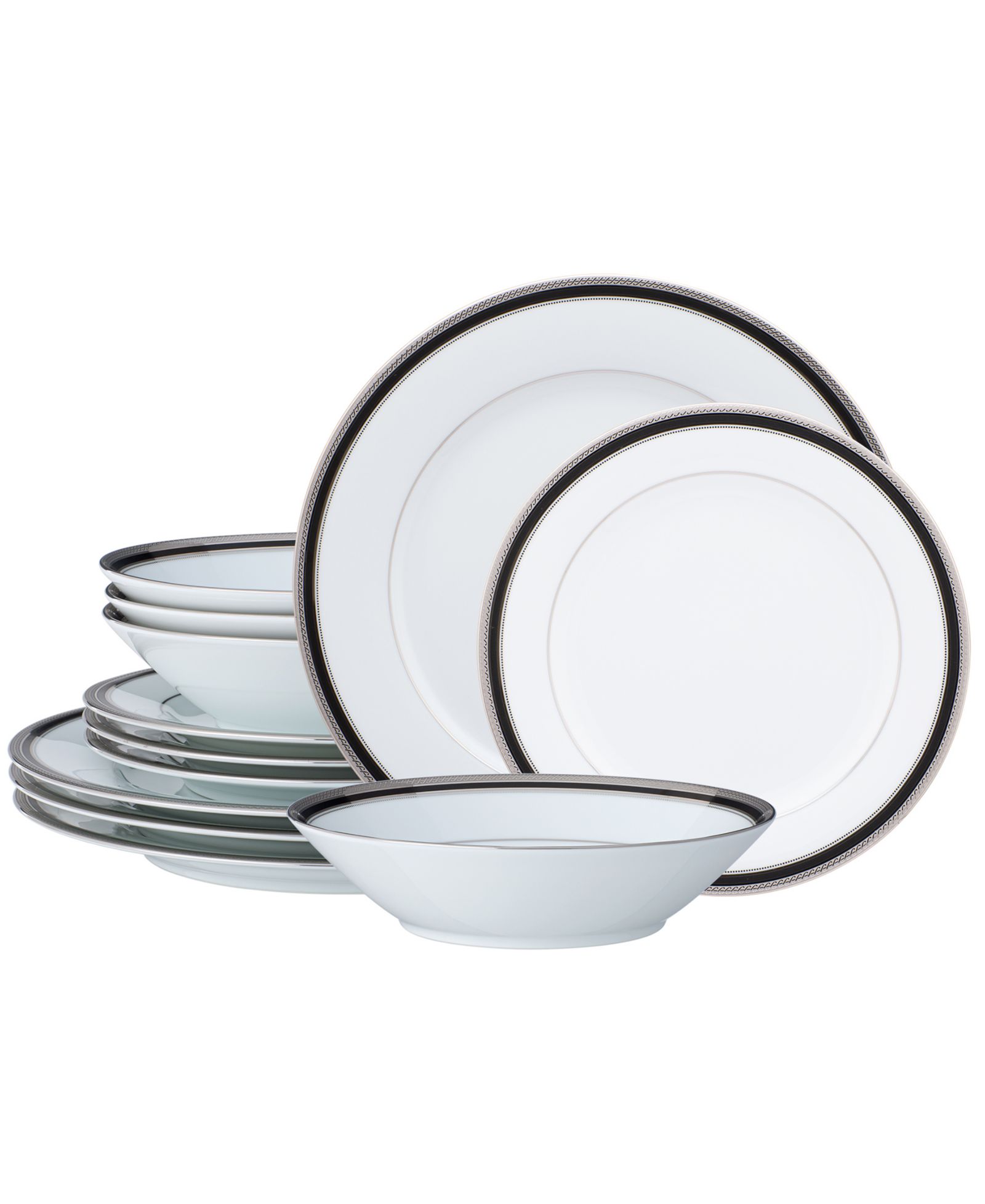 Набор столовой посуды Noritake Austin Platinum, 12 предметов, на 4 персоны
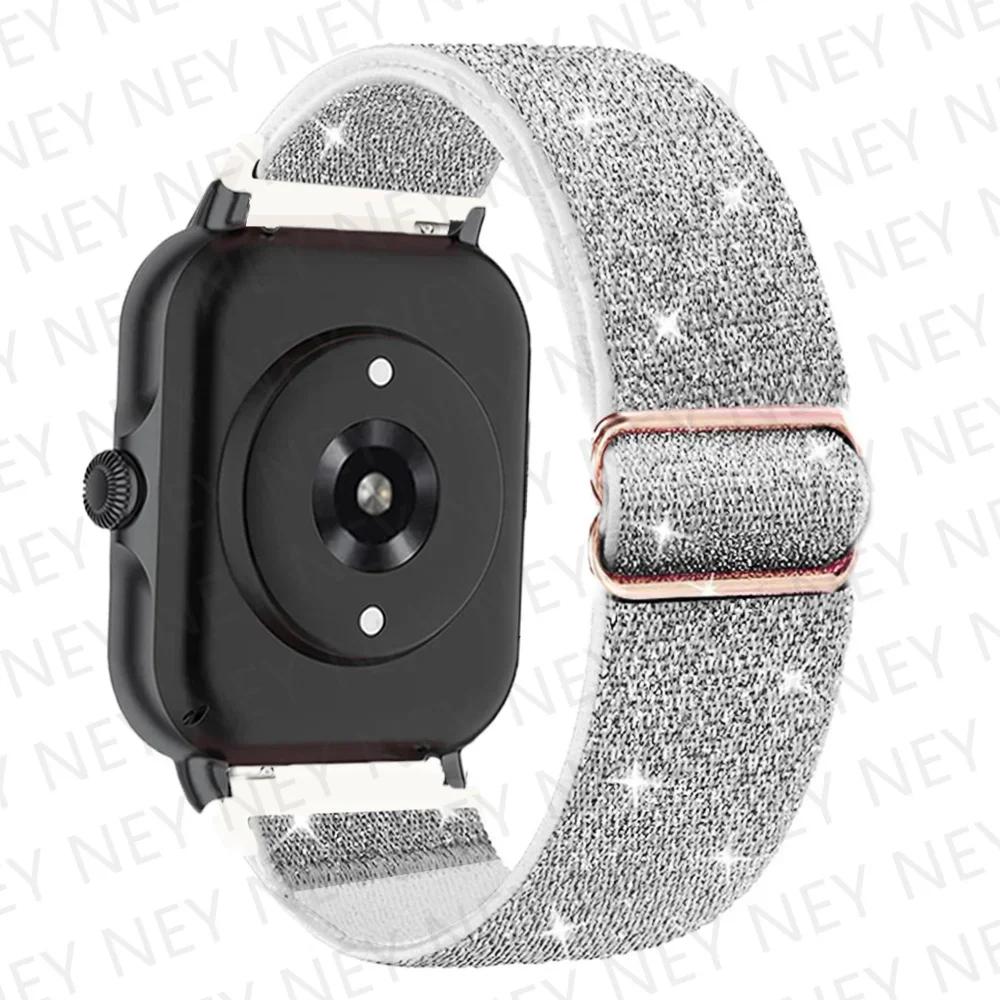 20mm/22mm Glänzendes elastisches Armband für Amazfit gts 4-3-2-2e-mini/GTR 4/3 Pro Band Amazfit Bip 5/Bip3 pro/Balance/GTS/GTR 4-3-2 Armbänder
◆ ◆ ◆ ◆
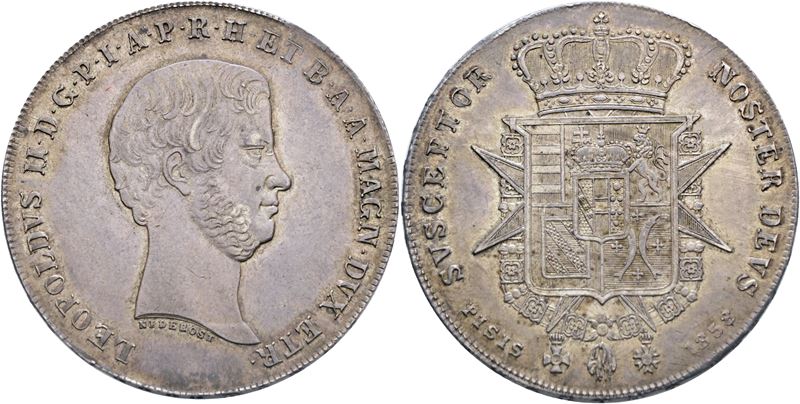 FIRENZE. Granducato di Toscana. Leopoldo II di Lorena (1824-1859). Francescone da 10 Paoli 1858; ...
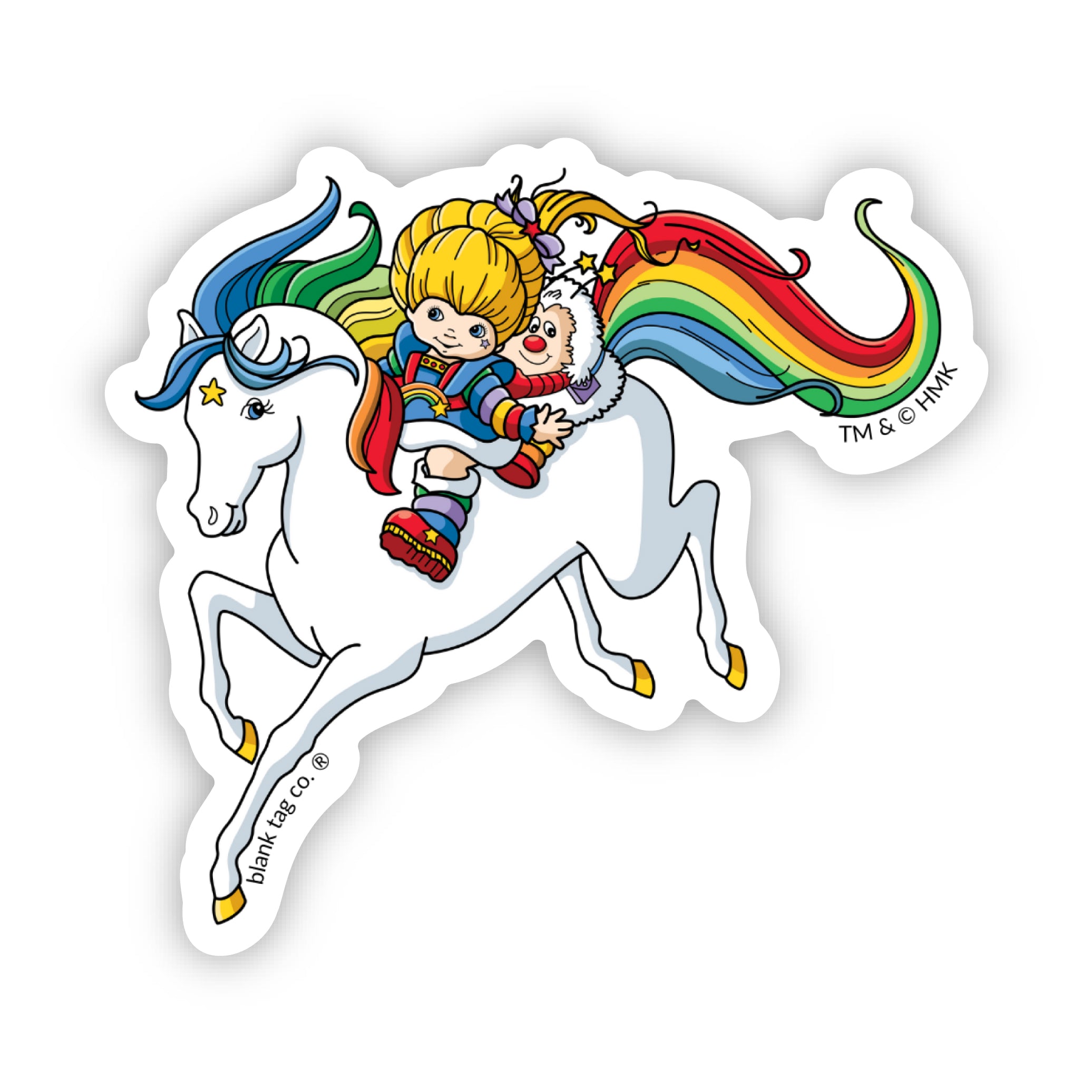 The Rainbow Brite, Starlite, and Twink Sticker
◆ ◆ ◆ ◆
• [What to work on]:
Nothing outside the stretch above, from the line with "Набор столовой посуды" through the line with "20mm/22mm Glänzendes elastisches", is set down. Transcribe that stretch exactly, ends included, but not its pictures.

• [Output below]:
 Набор столовой посуды Noritake Austin Platinum, 12 предметов, на 4 персоны
 20mm/22mm Glänzendes elastisches Armband für Amazfit gts 4-3-2-2e-mini/GTR 4/3 Pro Band Amazfit Bip 5/Bip3 pro/Balance/GTS/GTR 4-3-2 Armbänder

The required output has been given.